--- Available data ---
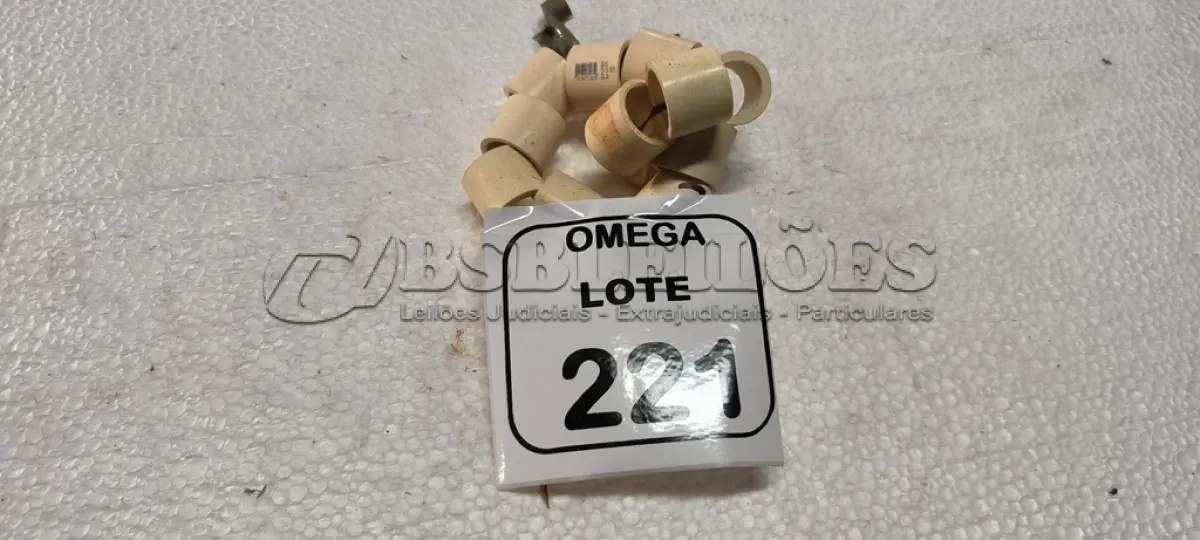 LOTE 221 - 13 BUCHAS DE REDUÇÃO CPVC - Ø 28 X 22. (NO ESTADO EM QUE SE ENCONTRA. SUJEITO A AVARIAS OCULTAS/VISÍVEIS.)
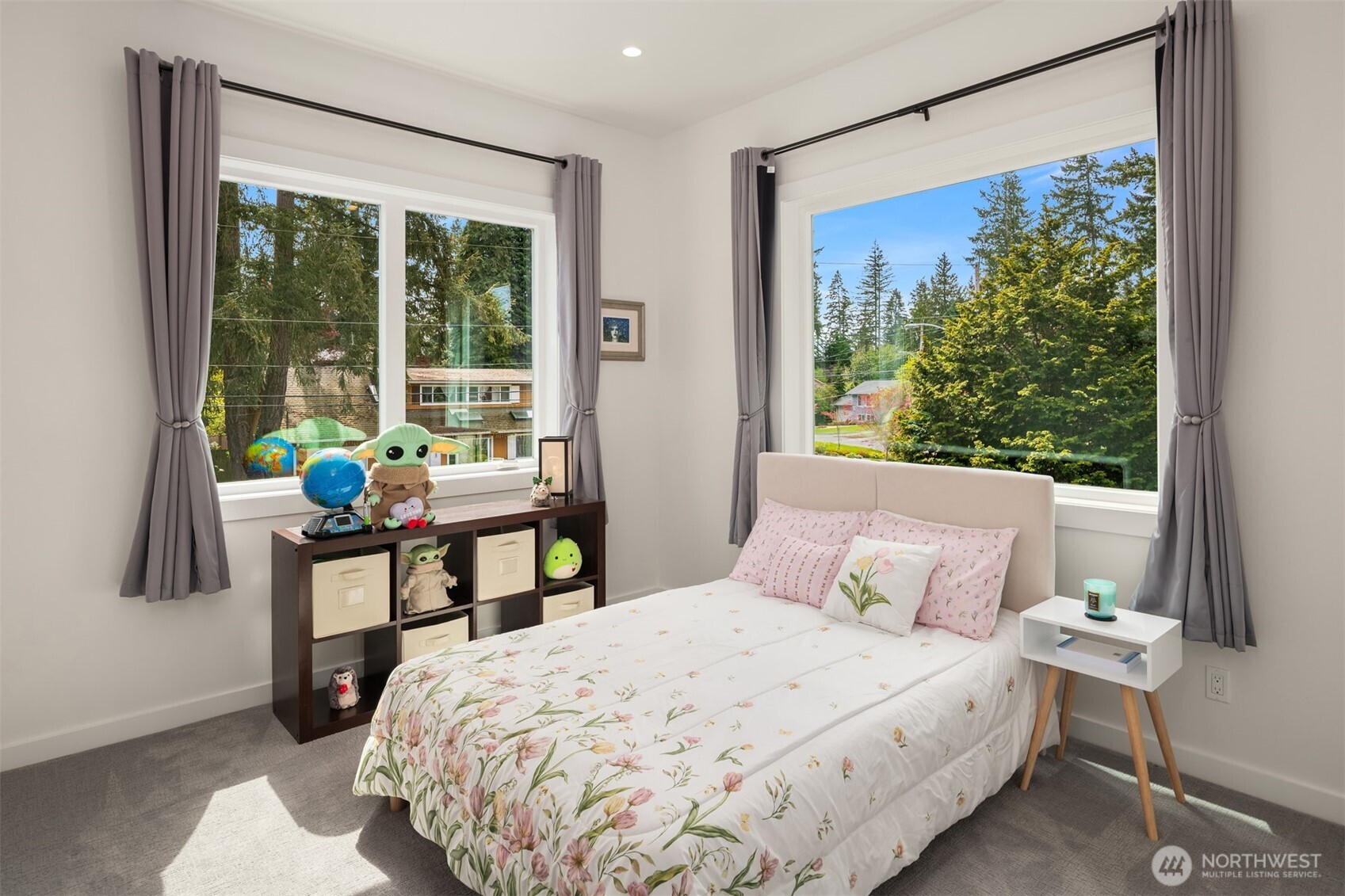 14614 SE 20th Street , Bellevue, WA 98007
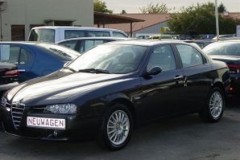 Alfa Romeo 156 2003 sedana foto attēls 16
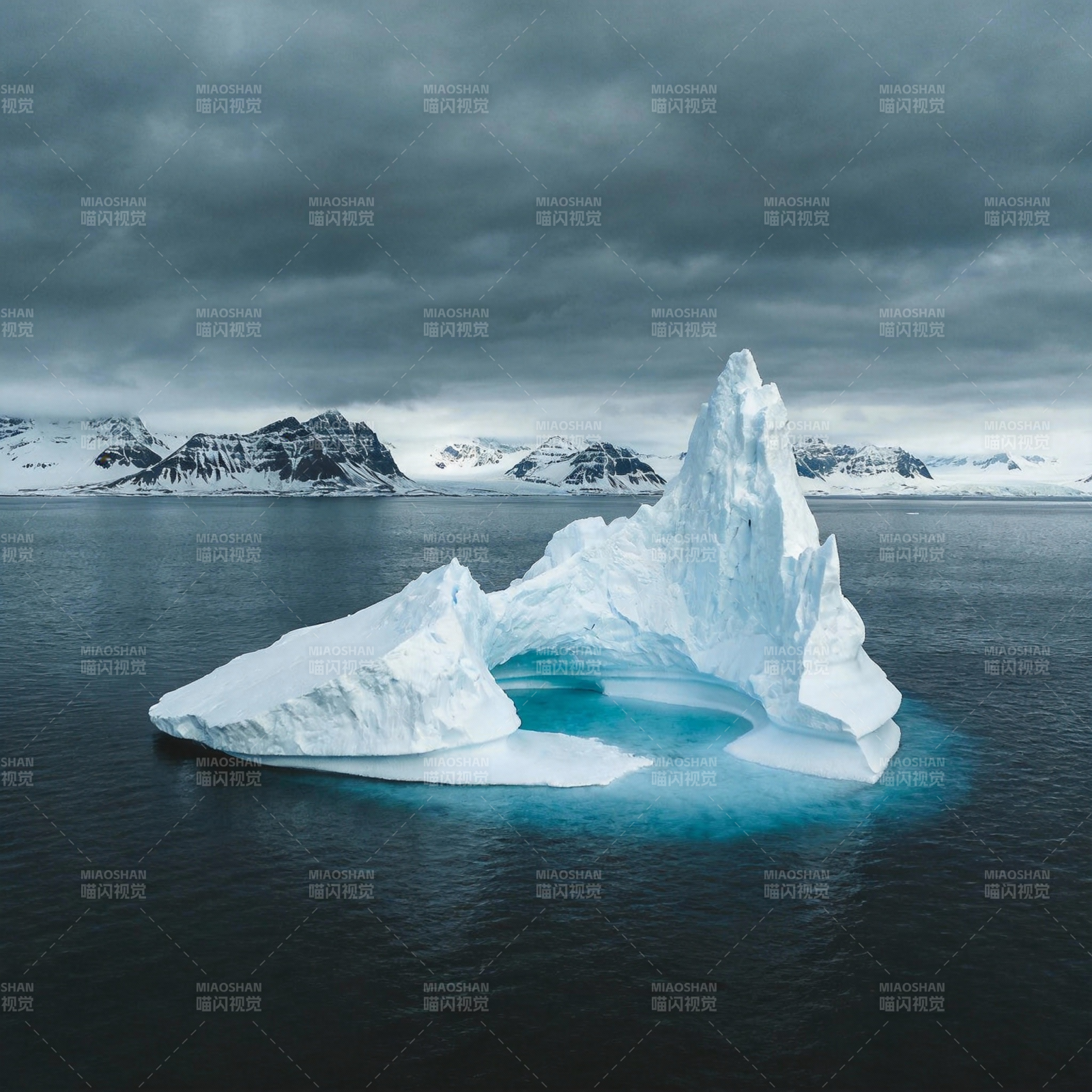 冰山浮于深海图片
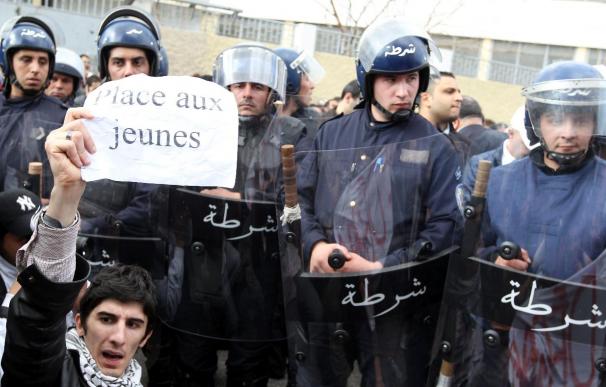La Coordinadora por la Democracia convoca una nueva manifestación en Argel el sábado próximo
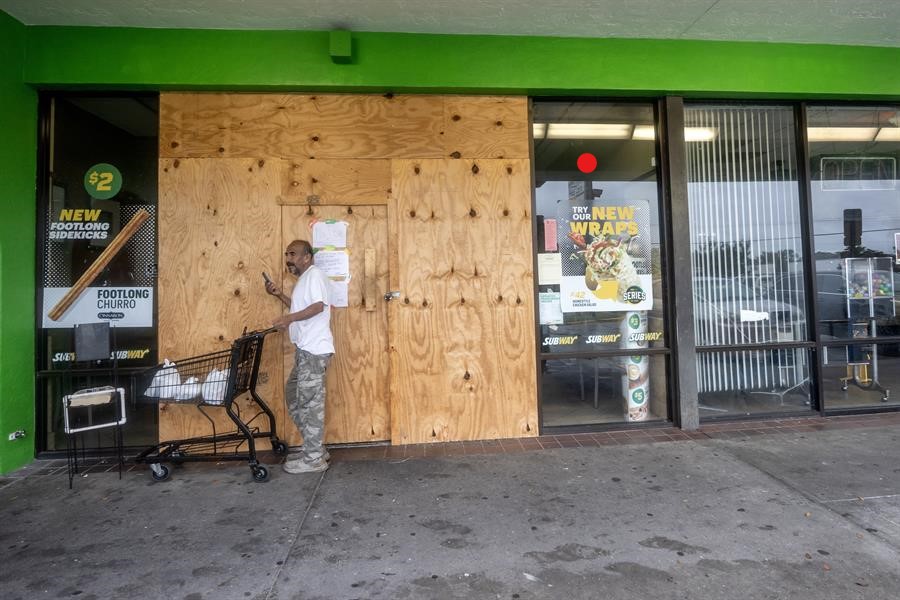 Huracán Milton: Gobernador de Florida dice que aún hay tiempo para evacuar y refugios disponibles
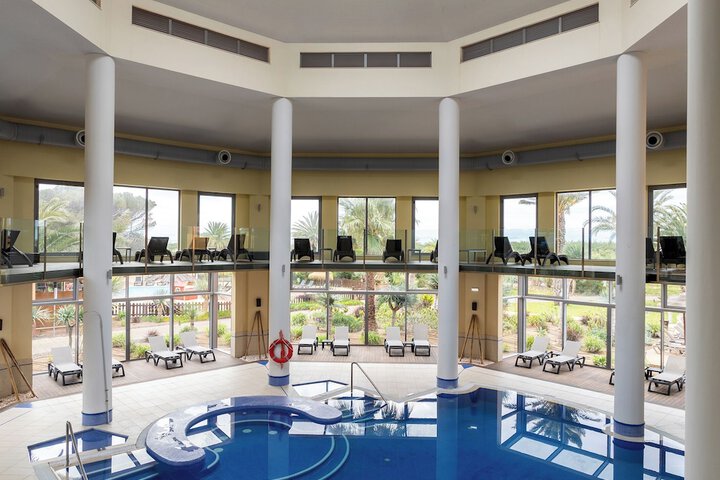 Pools & Facilities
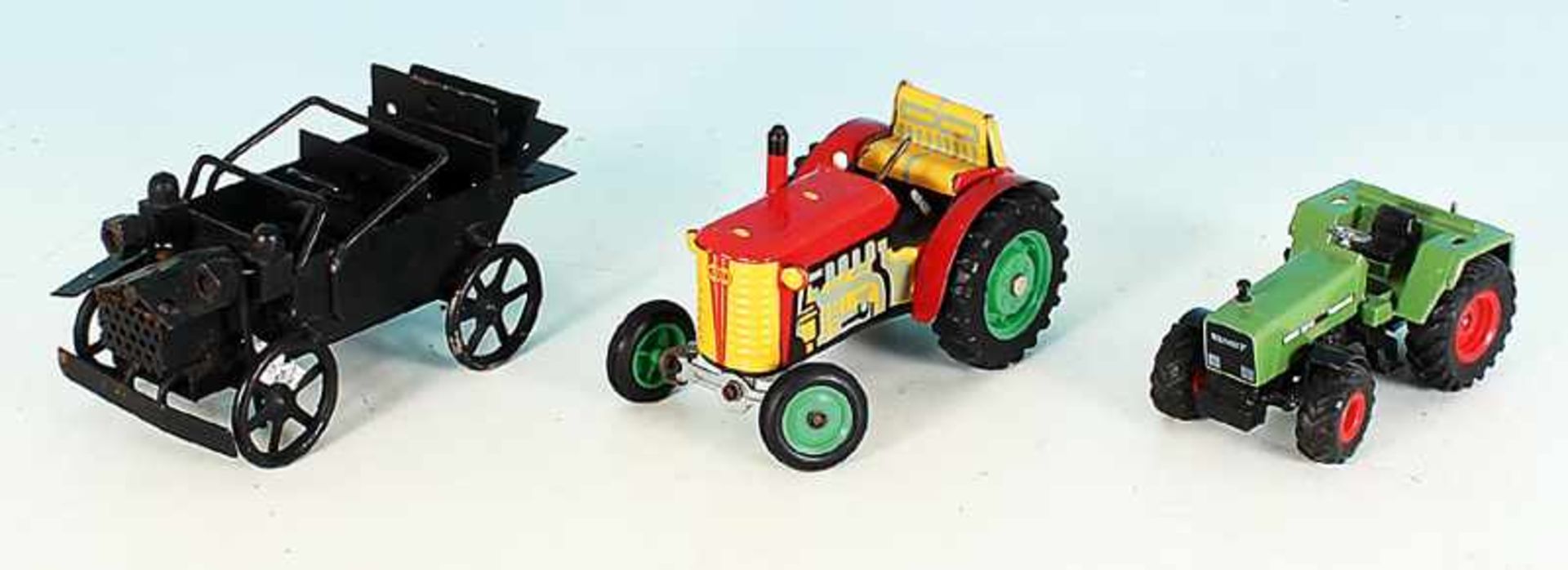 2 Spielzeug-Traktoren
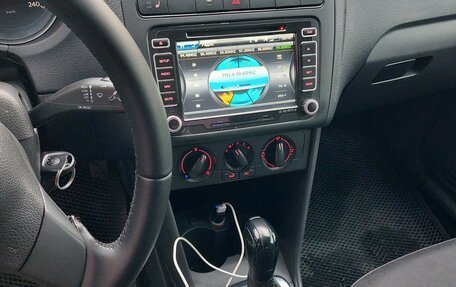 Volkswagen Polo VI (EU Market), 2011 год, 650 000 рублей, 5 фотография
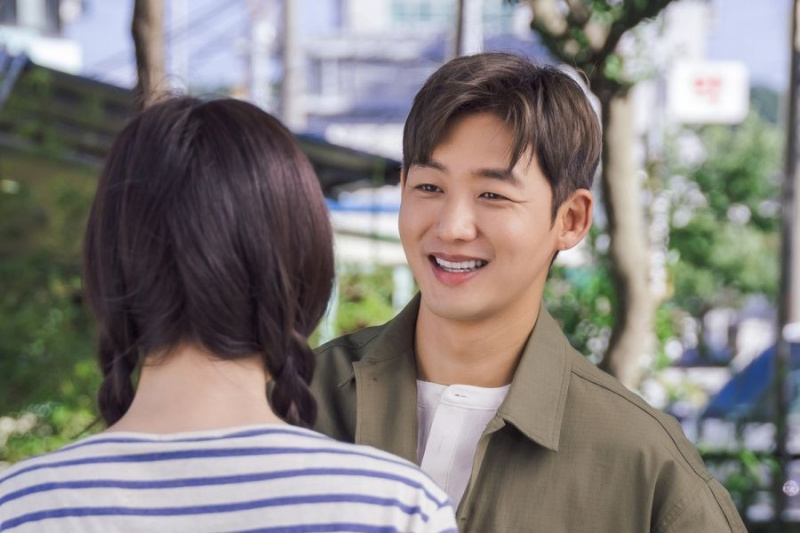 อีแทซอง พูดถึงละครเรื่องใหม่ของเขากับคิมโซอึน รับบทเป็นวายร้ายใน “Ghost Doctor” และอีกมากมาย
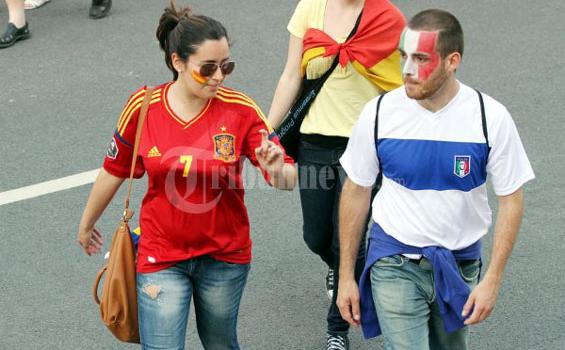 Fans Indonesia, Lihat Persahabatan Fans Spanyol-Italia Ini - Fans_Polandia_4.jpg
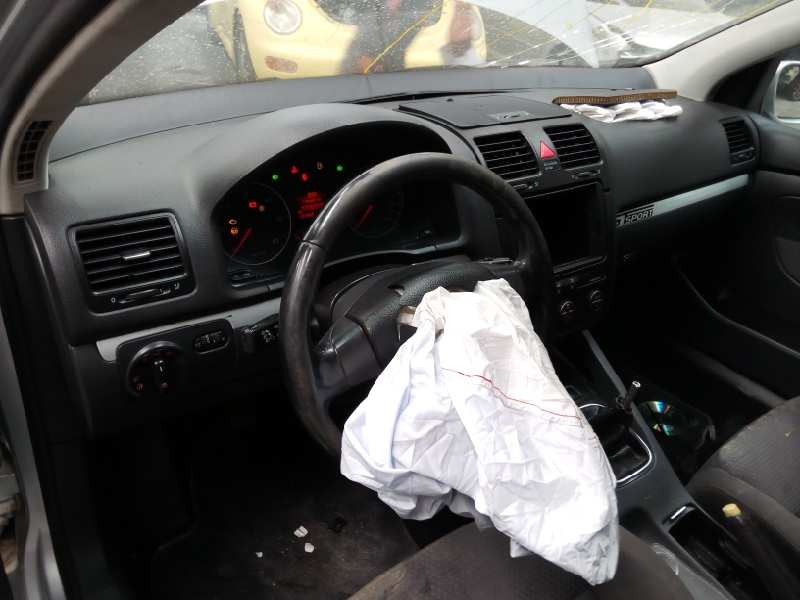 volkswagen golf v berlina (1k1) del año 2007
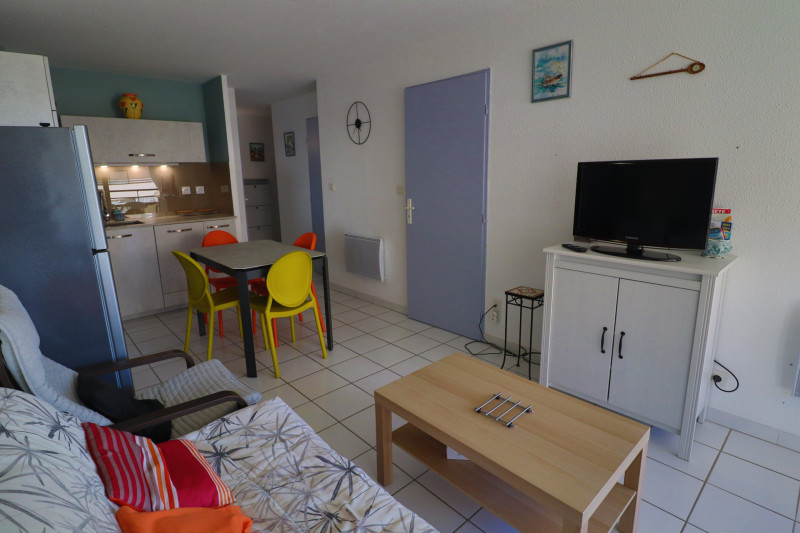 _lv_images__lot_0000002414_06_19146764 _lv_images__lot_0000002414_06_19146764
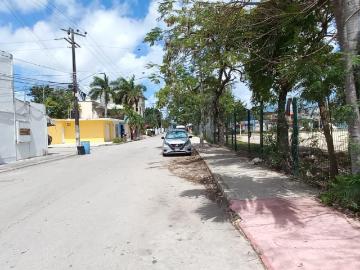 ESPACIO VERS?TIL DE 25 M2: IDEAL PARA OFICINA, ESTUDIO O LOCAL. AV. LAS TORRES, CANCUN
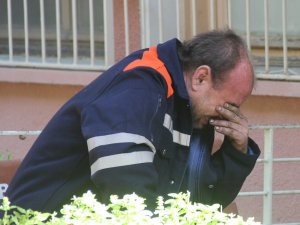 Eşinin öldürdüğü 15 aylık bebeğini gözyaşları içinde aldı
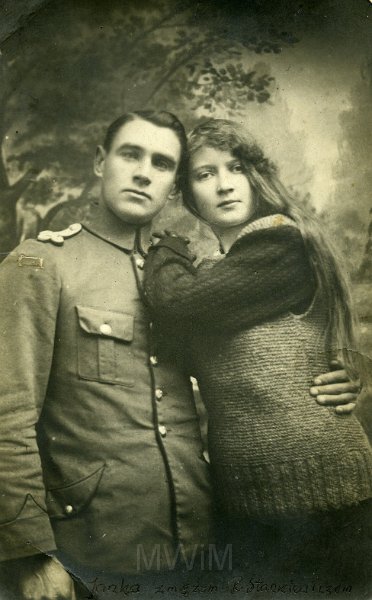 KKE 4947.jpg - Fot. Portret. Janina Stankiewicz (z domu Strumiłło) – siostra Jadwigi Rapackiej (z domu Strumiłło) z mężem R. Stankiewiczem, lata 30-te XX wieku.
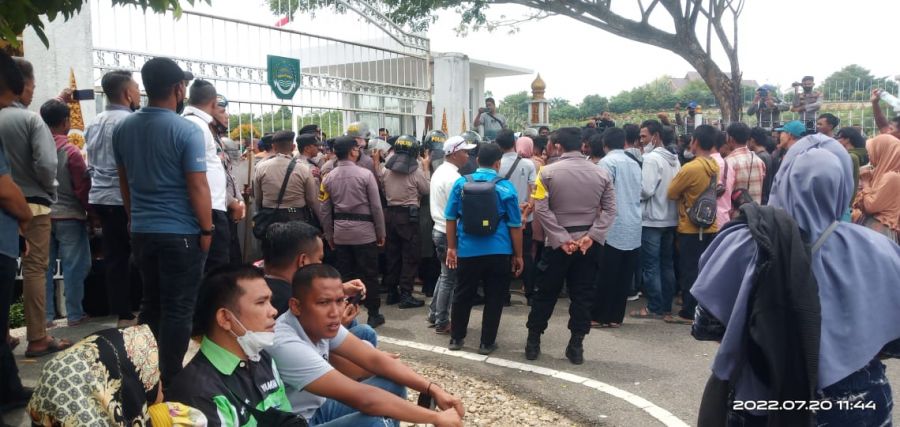 Masyarakat Teluk Sono dan Sei Murai Adakan Aksi Demo Depan Kantor Bupati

--- What to do ---
Reproduce exactly and only the lines from the line that contains "ESPACIO VERS?TIL DE" to the end of the data above, both ends included. No pictures go in the copy.

--- Result ---
 ESPACIO VERS?TIL DE 25 M2: IDEAL PARA OFICINA, ESTUDIO O LOCAL. AV. LAS TORRES, CANCUN
 Eşinin öldürdüğü 15 aylık bebeğini gözyaşları içinde aldı
 KKE 4947.jpg - Fot. Portret. Janina Stankiewicz (z domu Strumiłło) – siostra Jadwigi Rapackiej (z domu Strumiłło) z mężem R. Stankiewiczem, lata 30-te XX wieku.
 Masyarakat Teluk Sono dan Sei Murai Adakan Aksi Demo Depan Kantor Bupati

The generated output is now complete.